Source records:
*** Begin section ***

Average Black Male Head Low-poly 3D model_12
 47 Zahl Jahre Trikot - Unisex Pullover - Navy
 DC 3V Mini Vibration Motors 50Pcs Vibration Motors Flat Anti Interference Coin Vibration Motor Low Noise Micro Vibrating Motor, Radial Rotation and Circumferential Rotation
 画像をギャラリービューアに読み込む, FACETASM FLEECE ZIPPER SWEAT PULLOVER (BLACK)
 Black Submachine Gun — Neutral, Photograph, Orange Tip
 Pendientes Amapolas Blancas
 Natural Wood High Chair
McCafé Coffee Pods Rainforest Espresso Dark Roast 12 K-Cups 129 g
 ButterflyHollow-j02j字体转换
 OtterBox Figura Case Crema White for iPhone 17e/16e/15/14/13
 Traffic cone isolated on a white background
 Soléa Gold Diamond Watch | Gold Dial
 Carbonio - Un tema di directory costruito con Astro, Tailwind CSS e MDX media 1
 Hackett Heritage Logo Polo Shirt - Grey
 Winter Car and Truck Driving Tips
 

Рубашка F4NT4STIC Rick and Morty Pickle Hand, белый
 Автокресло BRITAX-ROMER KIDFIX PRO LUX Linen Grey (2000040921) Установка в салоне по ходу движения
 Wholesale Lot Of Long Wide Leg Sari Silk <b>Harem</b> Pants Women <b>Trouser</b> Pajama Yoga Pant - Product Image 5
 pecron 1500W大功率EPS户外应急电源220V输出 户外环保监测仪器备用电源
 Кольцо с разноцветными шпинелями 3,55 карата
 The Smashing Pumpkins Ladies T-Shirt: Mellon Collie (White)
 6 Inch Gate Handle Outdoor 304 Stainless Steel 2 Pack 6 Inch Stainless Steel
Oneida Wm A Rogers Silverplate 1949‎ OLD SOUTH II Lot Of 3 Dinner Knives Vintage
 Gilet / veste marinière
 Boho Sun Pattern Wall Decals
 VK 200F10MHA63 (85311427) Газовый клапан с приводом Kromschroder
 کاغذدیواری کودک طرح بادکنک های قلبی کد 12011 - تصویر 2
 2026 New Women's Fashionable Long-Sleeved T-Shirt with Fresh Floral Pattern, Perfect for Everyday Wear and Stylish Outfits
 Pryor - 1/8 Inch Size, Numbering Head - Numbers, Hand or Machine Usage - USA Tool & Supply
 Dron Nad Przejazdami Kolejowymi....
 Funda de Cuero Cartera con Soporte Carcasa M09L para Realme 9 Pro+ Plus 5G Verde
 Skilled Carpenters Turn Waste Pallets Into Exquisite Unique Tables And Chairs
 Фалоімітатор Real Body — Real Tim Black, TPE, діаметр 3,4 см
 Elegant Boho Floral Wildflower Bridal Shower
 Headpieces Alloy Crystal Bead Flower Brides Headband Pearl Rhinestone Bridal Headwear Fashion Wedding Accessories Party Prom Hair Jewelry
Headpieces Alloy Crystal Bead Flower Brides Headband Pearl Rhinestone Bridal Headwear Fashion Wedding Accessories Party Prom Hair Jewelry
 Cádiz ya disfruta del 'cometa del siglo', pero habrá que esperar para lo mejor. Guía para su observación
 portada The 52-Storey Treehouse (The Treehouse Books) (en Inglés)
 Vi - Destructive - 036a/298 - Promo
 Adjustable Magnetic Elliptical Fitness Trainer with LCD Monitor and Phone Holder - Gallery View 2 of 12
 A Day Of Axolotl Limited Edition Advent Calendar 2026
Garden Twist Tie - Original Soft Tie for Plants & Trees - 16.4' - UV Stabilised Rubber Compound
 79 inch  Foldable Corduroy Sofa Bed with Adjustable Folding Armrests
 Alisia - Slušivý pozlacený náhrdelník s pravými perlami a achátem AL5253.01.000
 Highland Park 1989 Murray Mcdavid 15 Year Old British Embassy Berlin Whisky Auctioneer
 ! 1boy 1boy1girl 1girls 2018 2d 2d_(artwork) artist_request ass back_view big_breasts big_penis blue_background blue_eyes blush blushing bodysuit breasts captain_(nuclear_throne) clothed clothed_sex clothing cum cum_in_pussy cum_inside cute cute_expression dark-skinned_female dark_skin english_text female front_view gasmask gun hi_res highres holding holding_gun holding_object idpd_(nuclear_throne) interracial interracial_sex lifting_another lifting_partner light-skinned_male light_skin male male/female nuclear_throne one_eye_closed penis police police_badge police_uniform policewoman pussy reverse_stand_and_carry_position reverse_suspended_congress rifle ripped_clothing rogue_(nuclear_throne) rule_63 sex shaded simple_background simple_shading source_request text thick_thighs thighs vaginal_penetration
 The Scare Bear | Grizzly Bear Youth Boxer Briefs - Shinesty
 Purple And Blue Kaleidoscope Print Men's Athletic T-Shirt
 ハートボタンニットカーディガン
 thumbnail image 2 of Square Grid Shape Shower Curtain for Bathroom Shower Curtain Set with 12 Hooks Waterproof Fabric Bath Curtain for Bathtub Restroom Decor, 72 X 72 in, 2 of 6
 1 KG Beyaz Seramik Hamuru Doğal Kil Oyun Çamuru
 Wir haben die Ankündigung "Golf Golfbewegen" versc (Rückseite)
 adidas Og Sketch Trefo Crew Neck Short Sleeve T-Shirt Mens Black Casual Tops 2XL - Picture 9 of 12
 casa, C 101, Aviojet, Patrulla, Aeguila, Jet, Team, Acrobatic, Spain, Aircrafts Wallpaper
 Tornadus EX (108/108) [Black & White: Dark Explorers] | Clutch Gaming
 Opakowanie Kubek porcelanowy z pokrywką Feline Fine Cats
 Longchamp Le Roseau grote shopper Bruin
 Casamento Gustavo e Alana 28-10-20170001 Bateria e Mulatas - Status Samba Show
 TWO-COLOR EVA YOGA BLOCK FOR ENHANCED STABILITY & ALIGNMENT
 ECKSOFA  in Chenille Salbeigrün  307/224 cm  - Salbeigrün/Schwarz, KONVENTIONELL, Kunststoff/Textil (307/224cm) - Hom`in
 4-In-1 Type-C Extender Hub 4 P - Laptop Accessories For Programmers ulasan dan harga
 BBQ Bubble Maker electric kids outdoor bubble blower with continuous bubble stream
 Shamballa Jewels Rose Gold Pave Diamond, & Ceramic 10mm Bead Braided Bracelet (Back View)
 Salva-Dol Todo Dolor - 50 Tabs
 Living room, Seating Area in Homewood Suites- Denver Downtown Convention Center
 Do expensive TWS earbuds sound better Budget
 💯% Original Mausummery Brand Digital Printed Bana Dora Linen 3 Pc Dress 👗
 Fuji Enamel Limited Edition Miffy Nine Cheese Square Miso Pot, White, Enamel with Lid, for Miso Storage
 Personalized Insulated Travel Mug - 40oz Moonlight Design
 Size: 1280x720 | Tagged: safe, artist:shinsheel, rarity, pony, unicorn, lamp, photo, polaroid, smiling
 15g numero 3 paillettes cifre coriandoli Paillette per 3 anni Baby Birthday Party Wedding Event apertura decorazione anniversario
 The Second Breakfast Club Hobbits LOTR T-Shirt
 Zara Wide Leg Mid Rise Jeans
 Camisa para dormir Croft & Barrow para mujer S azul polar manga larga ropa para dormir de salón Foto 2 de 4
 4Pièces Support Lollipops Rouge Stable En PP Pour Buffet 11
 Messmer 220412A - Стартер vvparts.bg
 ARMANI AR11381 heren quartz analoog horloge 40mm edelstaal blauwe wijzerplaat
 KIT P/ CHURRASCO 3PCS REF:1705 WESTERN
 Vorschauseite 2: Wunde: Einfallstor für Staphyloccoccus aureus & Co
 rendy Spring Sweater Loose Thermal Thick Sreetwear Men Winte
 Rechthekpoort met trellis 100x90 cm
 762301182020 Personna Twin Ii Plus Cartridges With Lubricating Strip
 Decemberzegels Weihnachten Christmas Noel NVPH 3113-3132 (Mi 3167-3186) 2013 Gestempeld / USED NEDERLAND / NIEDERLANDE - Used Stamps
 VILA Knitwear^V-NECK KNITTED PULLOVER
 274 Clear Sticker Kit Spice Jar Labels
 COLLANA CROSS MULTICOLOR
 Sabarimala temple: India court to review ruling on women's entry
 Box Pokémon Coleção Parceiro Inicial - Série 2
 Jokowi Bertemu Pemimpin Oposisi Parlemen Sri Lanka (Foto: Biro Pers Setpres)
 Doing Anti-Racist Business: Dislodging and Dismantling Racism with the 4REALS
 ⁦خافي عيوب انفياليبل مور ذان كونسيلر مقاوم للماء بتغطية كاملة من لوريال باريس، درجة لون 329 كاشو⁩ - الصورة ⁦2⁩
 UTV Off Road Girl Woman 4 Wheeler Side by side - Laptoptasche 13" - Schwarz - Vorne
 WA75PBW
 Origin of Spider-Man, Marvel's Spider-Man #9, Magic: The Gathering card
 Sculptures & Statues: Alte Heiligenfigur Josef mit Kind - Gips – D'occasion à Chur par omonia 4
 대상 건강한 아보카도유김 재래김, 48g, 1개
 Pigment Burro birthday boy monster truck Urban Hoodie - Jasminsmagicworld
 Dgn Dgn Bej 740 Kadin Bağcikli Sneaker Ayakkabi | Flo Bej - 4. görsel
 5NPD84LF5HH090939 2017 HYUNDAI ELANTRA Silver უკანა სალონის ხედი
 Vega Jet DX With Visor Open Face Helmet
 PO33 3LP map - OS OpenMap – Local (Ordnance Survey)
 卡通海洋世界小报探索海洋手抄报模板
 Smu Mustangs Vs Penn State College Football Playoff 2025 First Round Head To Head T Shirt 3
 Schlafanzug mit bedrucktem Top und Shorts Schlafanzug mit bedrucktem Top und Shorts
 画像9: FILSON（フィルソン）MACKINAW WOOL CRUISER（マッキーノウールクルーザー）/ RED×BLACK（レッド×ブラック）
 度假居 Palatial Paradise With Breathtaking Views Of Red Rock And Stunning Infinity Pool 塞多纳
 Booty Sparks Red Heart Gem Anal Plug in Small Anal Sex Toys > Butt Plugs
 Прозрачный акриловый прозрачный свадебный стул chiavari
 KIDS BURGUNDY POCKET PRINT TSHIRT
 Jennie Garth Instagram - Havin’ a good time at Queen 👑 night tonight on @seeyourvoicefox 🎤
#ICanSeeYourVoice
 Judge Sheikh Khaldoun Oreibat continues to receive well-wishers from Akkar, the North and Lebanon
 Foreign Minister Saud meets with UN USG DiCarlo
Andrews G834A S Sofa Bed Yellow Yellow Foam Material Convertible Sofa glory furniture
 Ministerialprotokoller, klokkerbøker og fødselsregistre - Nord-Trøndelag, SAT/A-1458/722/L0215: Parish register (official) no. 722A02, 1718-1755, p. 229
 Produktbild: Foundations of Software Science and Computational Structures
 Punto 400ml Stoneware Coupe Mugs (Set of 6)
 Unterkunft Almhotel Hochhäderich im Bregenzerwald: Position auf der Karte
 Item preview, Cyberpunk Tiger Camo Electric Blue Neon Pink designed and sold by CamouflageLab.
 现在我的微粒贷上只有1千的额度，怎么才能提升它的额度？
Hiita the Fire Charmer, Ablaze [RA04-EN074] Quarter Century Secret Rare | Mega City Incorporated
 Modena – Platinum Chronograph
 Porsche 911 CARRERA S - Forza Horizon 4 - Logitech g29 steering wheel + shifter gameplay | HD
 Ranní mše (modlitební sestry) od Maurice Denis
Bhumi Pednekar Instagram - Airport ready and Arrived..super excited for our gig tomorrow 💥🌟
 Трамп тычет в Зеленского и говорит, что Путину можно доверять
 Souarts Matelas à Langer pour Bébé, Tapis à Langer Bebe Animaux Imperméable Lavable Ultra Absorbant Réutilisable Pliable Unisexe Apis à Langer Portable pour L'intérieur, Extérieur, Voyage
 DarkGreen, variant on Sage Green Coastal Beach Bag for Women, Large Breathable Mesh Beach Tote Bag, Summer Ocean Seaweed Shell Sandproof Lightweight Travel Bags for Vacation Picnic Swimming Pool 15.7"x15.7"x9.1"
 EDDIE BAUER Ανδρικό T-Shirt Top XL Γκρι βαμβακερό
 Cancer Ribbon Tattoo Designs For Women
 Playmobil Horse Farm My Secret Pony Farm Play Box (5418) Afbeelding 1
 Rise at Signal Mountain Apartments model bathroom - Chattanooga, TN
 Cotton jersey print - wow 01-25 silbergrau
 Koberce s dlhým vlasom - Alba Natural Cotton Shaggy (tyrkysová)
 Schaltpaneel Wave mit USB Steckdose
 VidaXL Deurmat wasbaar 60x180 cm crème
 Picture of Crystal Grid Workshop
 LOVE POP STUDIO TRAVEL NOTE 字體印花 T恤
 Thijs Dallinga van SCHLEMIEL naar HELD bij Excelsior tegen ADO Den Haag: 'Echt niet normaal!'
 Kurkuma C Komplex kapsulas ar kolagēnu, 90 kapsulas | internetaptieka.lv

*** End section ***

• _Problem_
Please give again the lines above between the line holding "3 Pc Dress 👗" and the line holding "Zara Wide Leg Mid Rise Jeans", inclusive, exactly as they are and with nothing added.

• _Response to this task_
 💯% Original Mausummery Brand Digital Printed Bana Dora Linen 3 Pc Dress 👗
 Fuji Enamel Limited Edition Miffy Nine Cheese Square Miso Pot, White, Enamel with Lid, for Miso Storage
 Personalized Insulated Travel Mug - 40oz Moonlight Design
 Size: 1280x720 | Tagged: safe, artist:shinsheel, rarity, pony, unicorn, lamp, photo, polaroid, smiling
 15g numero 3 paillettes cifre coriandoli Paillette per 3 anni Baby Birthday Party Wedding Event apertura decorazione anniversario
 The Second Breakfast Club Hobbits LOTR T-Shirt
 Zara Wide Leg Mid Rise Jeans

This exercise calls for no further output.